Dataset extract –
§ §
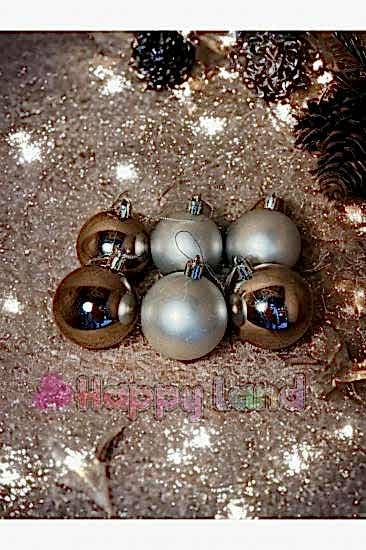 Happyland Yılbaşı Çam Ağacı Süsü Gümüş Renk Parlak Mat 6 Adet 6 cm Asetat Kutulu Model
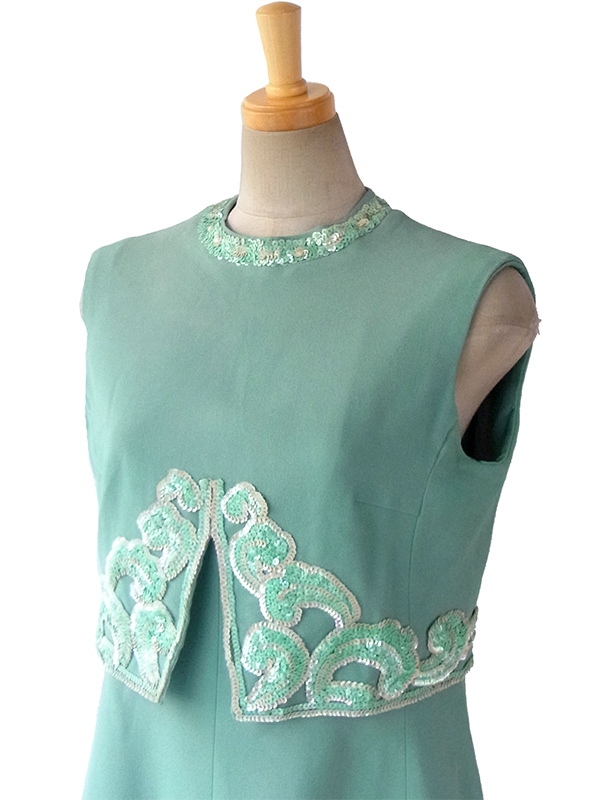 ヨーロッパ古着 ロンドン買い付け 60年代製 エメラルドグリーン スパンコール飾り 梨地ウール ワンピース 15BS411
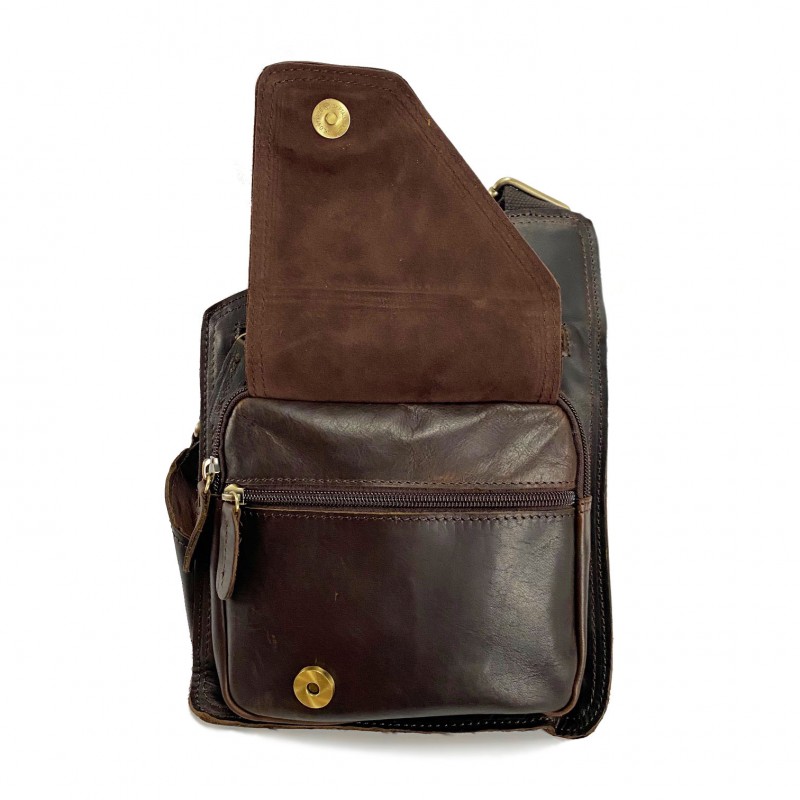 Чоловіча шкіряна сумка Folster крос боді через плече темно-коричнева - 10 фото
§ §
How to complete this task – Everything in the data except the pictures should be restated word for word.

Result of the task –
 Happyland Yılbaşı Çam Ağacı Süsü Gümüş Renk Parlak Mat 6 Adet 6 cm Asetat Kutulu Model
 ヨーロッパ古着 ロンドン買い付け 60年代製 エメラルドグリーン スパンコール飾り 梨地ウール ワンピース 15BS411
 Чоловіча шкіряна сумка Folster крос боді через плече темно-коричнева - 10 фото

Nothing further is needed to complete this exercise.